(Beginning of Material to process)
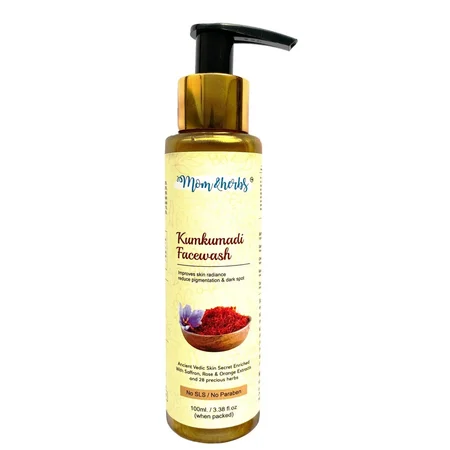 Mom&Herbs Kumkumadi Face Wash, 100 ml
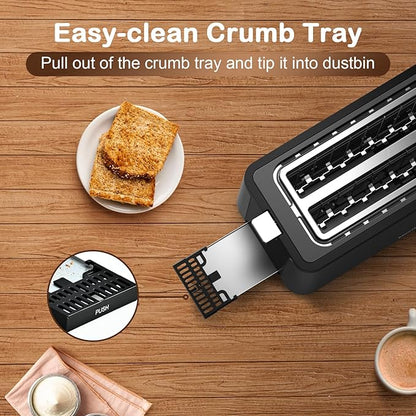 Mecity 4 Slice Toaster, Long Slot Toaster - Image 7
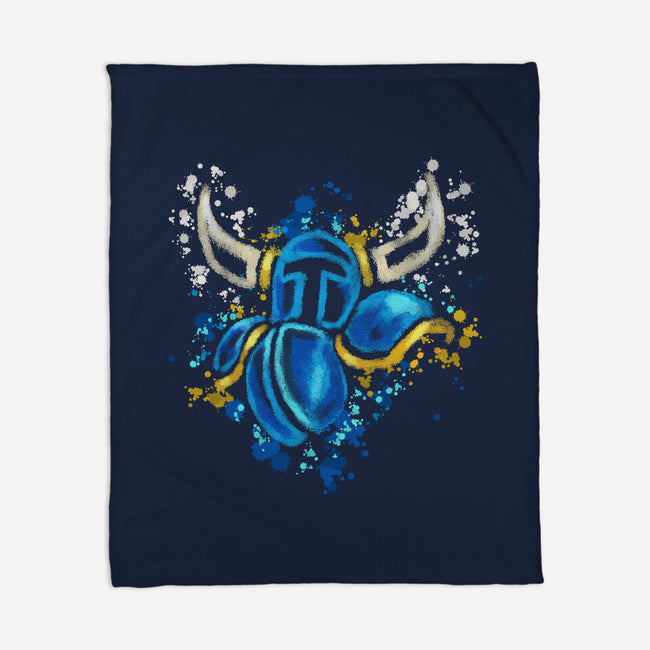 Knight Armor-None-Fleece-Blanket-nickzzarto
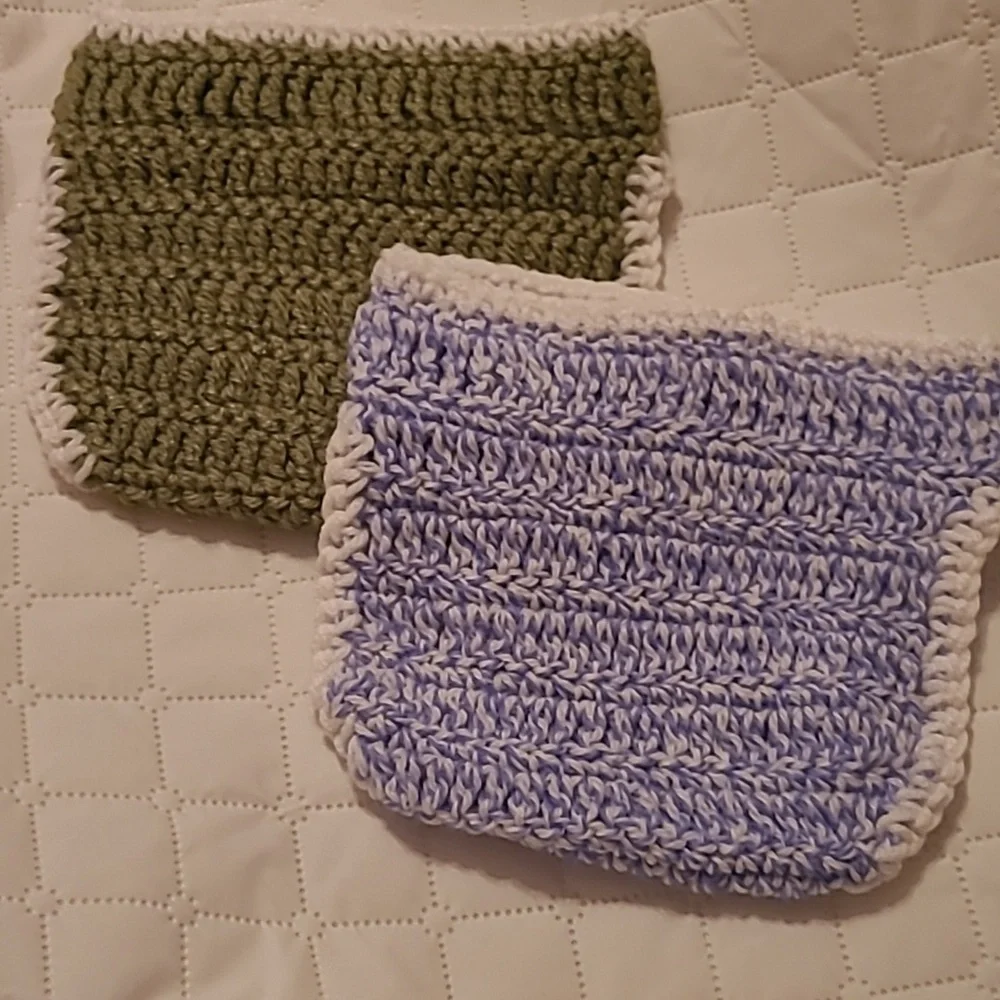 Handmade crochet knitted
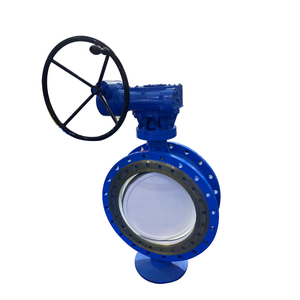 D343w Hướng dẫn sử dụng điện ba Lập Dị con dấu kim loại bướm van quay đĩa Worm Gear van cho nước phương tiện truyền thông - Product Image 3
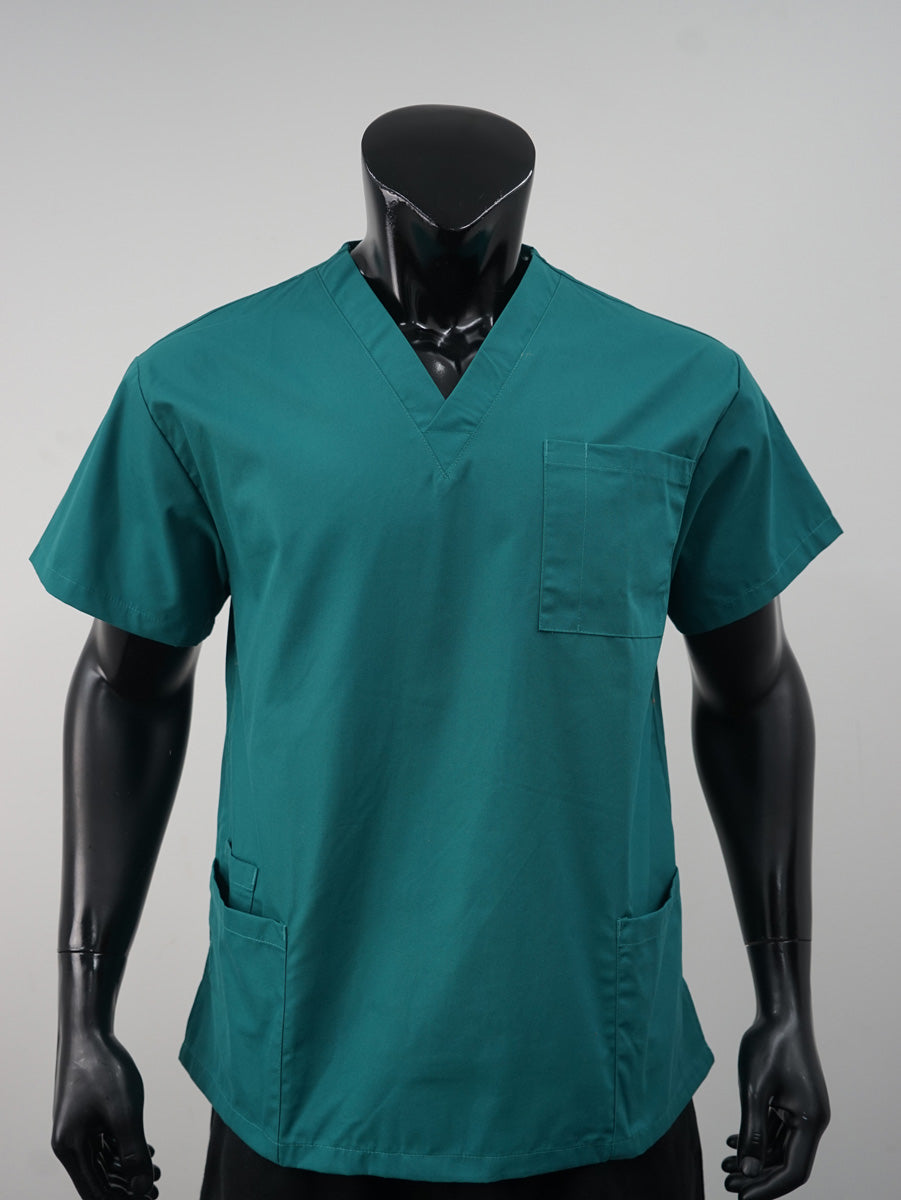 Mens Scrubs Top detail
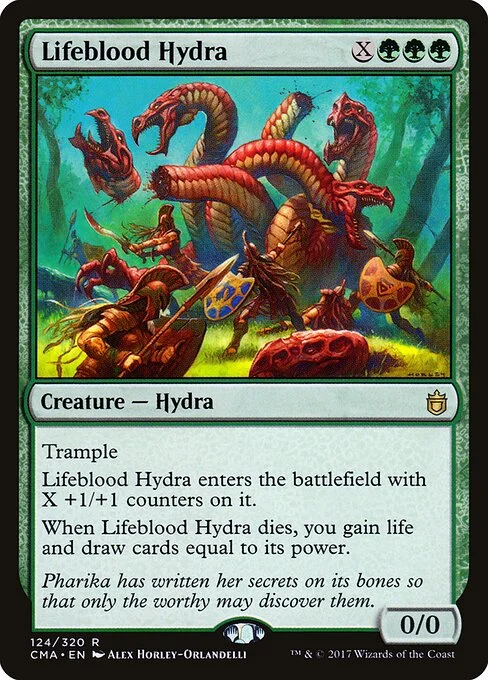 Lifeblood Hydra, carta Magic di tipo Creature — Hydra illustrata da Alex Horley-Orlandelli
(End of Material to process)
_Exercise details_: Output each record verbatim and leave out its pictures.

_Answer space_:
 Mom&Herbs Kumkumadi Face Wash, 100 ml
 Mecity 4 Slice Toaster, Long Slot Toaster - Image 7
 Knight Armor-None-Fleece-Blanket-nickzzarto
 Handmade crochet knitted
 D343w Hướng dẫn sử dụng điện ba Lập Dị con dấu kim loại bướm van quay đĩa Worm Gear van cho nước phương tiện truyền thông - Product Image 3
 Mens Scrubs Top detail
 Lifeblood Hydra, carta Magic di tipo Creature — Hydra illustrata da Alex Horley-Orlandelli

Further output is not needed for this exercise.